Lo mismo ocurrió en el caso del sector energético. Décadas de debate para finalmente aceptar lo inevitable: que una industria como la petrolera o eléctrica requiere de inversiones colosales para desarrollarse, de recursos que no tienen los gobiernos o los empresarios locales. En lo que a estas dos industrias se refiere, México también llegó tarde a la fiesta y ahora debe competir contra muchos otros países que hace años se abrieron a la inversión extranjera, pública o privada.
Y ahora, nuestros dirigentes políticos han decidido debatir un nuevo asunto: el del consumo de la mariguana. Ayer empezó en la Cámara de Diputados el debate organizado por el Congreso de la Unión y hoy arranca e, Cancún, Quintana Roo, el que convocó el gobierno federal a través de la Secretaría de Gobernación.

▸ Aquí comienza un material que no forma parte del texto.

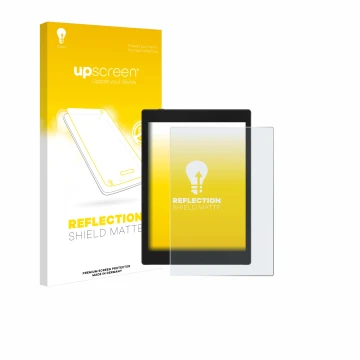 Parte frontale di una confezione del prodotto con il logo del marchio upscreen. Accanto è raffigurato il dispositivo Boox Tab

¿Qué podrá decirse en estos debates que no se haya dicho una y otra vez en diversos foros en México y alrededor del mundo? Creo que nada en lo absoluto. El hecho es que todos estamos de alguna manera u otra involucrados en la absurda guerra que Felipe Calderón le declaró al narcotráfico con el solo fin de hacerse popular. Para empezar, decenas de miles de millones de pesos de nuestros impuestos se han despilfarrado en este inútil y fallido combate. Para terminar, la ley de la oferta y la demanda señala que mientras haya quien esté dispuesto a consumir mariguana o cualquier otra droga, pagando lo que le pida por ella, habrá quien esté dispuesto a hacérsela llegar al lugar en donde se encuentra y a corromper a la autoridad que se le ponga enfrente con tal de satisfacer las necesidades de sus clientes.
Hay países que al despenalizar el consumo de la mariguana ya dieron el primer paso en lo que es la verdadera lucha contra el narcotráfico. Falta ahora que despenalicen y regulen el consumo de muchas otras drogas.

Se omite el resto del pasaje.